Thursday, October 25, 2012

Book Review - Exploring Everyday Things with Ruby and R by Sau Sheong Chang

Book cover image 

Disclaimer: I received a free (electronic) copy of this ebook (Exploring Everyday Things with Ruby and R by Sau Sheong Chang) from O'Reilly as part of the O'Reilly Blogger Review Program, which also requires me to write a review about it. That aside, I would have purchased this book this year anyway, and would have reviewed it on this blog too.

About me and why I read this book

I have been programming professionally for about 8 years, mainly business applications and reporting, so I already have quite some love for data. While I haven't used math much in my day jobs, I liked (and was good at) it in high school, including taking extra classes - so I have learned basic statistics. Refreshing and advancing my data analytics skills is one of my goals this year, and reading this book was part of that plan - I have heard that R is one of the most powerful languages for statistical analysis currently available.

About the book

The book is written assuming basic understanding of programming and sets two goals:
  • to awaken the curiosity in the reader to go out and explore things and search for explanation, models, and experiments to validate understanding;
  • to show you some basic, but practical R and Ruby.
While the author intended each chapter to be more or less self sufficient, I have found it to be better read sequentially, especially the simulation chapters.

Ruby

I had no trouble with the code examples, even though I have only programmed about half an hour total in my life in Ruby. Beware that the only knowledge you gain about Ruby is the bare minimum required, so you'll have to put aside your thirst for complete understanding of the language and its ecosystem. If you need to have a proper understanding to work in a language (which I don't think is necessary), you are better off either reading a Ruby book first or using your favorite language to obtain the data - the code is easy to port.

Making me curious

I have had a lot of wow/a-ha moments, both about the topics chosen for discussion as well as the math/algorithmic ideas. You may find that you disagree with some of the conclusion the author draws, and it is emphasized during the introduction that the goal of the book is not to convince you about these conclusions, but to demonstrate the journey from question to conclusion in order to equip you with tools to enable you doing the same.
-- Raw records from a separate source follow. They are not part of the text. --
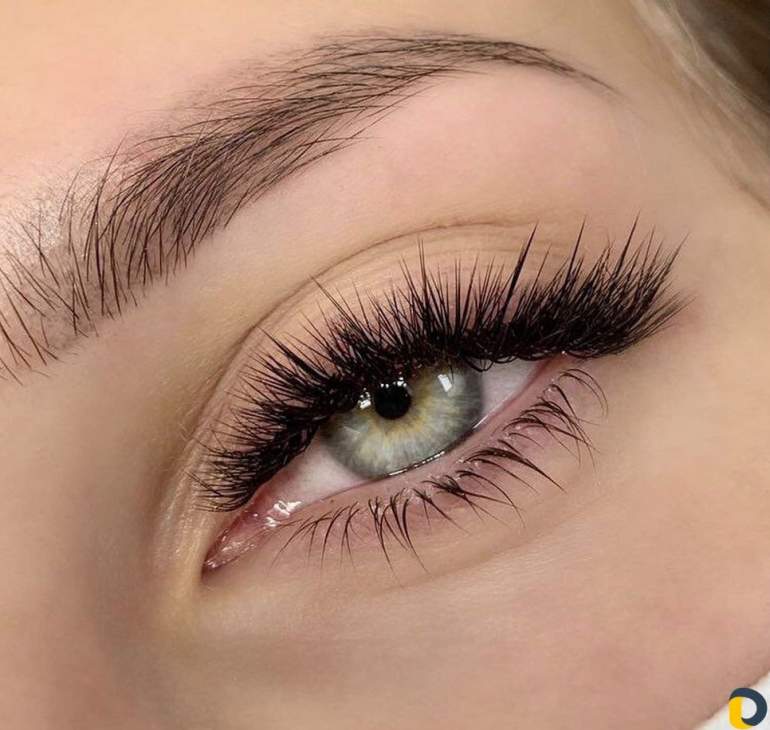 Красивые девушки и Ресницы эффект кайли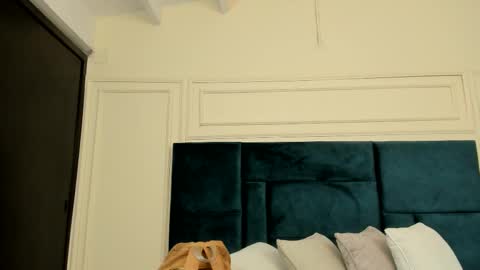 Snapshot of charlotte_mayers chatting on 02-19-25, 11:17 Charlotte Mayers online show from 02-19-25, 11:17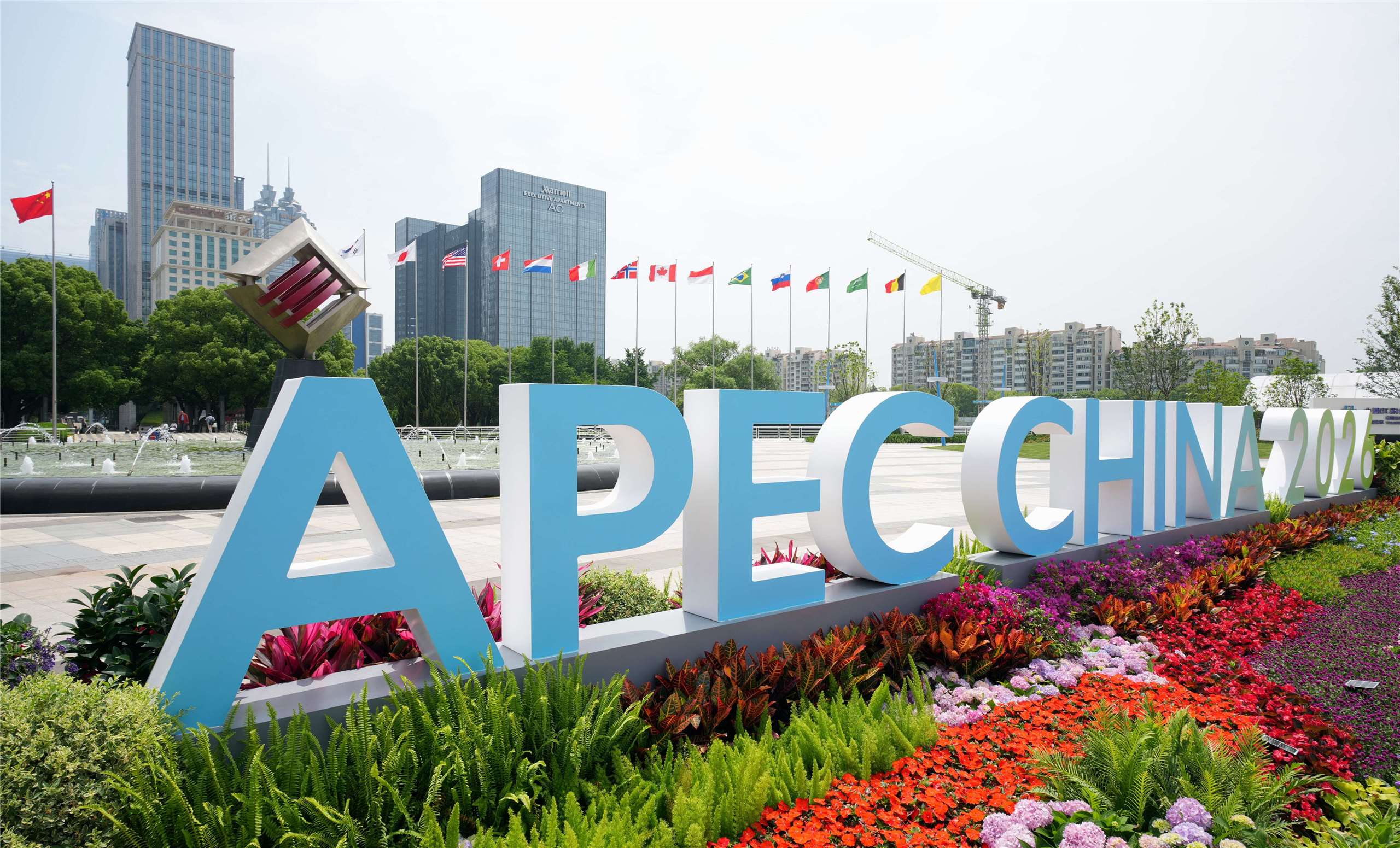第32屆亞太經濟合作會議(APEC)貿易部長會議，我國代表團由行政院政務委員暨經貿總談判代表楊珍妮，與外交部國際組織司司長孫儉元及行政院經貿談判辦公室同仁共同與會。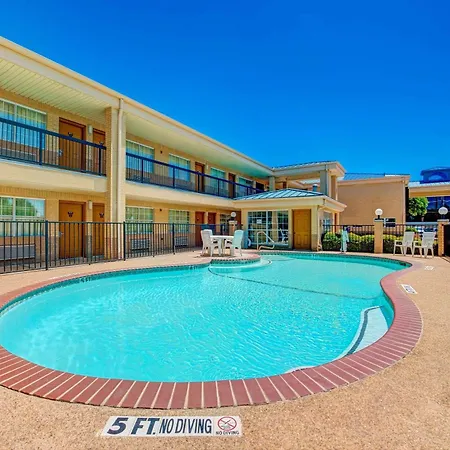 Super 8 By Wyndham Richardson Dallas-3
This is mostly achieved.
I award extra bonus points for mentioning the limitations of the used analytical tools - I don't think I would trust any book/article/blog post which presents something without its downsides!
Not all examples are exactly everyday (e.g.: an analysis of going to work by car vs. public transportation would have been more everyday than how to simulate the flocking of birds), but they cover a wide breath of topics. The processing and analysis of the data is always challenging enough, plus your general knowledge is expanded.
One thing I was missing is a description of a really important part - being a layman, how do I go about finding which algorithms to use? While it isn't a book about Research 101, a description of the search process would have been great. You can of course always google, but when entering a new topic I find guided search helpful - which are some of the trick keywords, which sites to prefer/avoid, etc. On the other hand, enough methods are described that just properly learning and understanding them would make me a much better statistician already. Once done with that I could just fall back reading through the R packages and methods, hoping that if I have seen a word before it would emerge from my passive knowledge when I'm faced with a matching problem.

The R language

The book does a solid job to help you get started. It demonstrates enough language features to enable to you experiment with it for work projects (e.g.: use MySql as a datasource, create packages, etc.); points out the R component/library hubs to look for community packages; and recommends further learning resources.
The code examples are like most programming book snippets - procedural, (mostly) everything is located in a single method/script. Not a tangled-spaghetti mess that makes one despise it in legacy code, only it makes for a lower signal/noise ratio and requires more effort from the reader. Guess its a genre problem, so if you have read other programming books, you shouldn't have any problems with this one.
Technical comment: the ebook isn't formatted to play nice with the Kindle DX, and while in print the code block might be only broken between left & right pages, on the kindle it makes for awkward read.
The exposed APIs suggest that R is a bit too ceremonial for my taste, but that could be abstracted away for the project that warrants R's use. I have also used a number of visually great .NET UI third party components that were a pain to work with from a programmer's perspective, yet helped us create a great product. Plus things that feel alien first become second nature after enough practice, so it isn't a big deal. I plan to take a look at NumPy as well, and defer the decision whether to dive deeper into R (possibly via using F# 3.0 type providers for R).

Overall

The book hasn't left me in awe, but it didn't feel like a chore to read as some other books. I got the taste of R that I wanted when I picked up my copy to read. On top of that, I have learned about fun things, and it also added books to my reading (wish)list (e.g.: The Grammar of Graphics by Leland Wilkinson, Armchair Economist by Stephen E. Landsburg, and more). This is no definitive guide on R, but to wet your appetite and get you started, it is a good one I can recommend without reservations.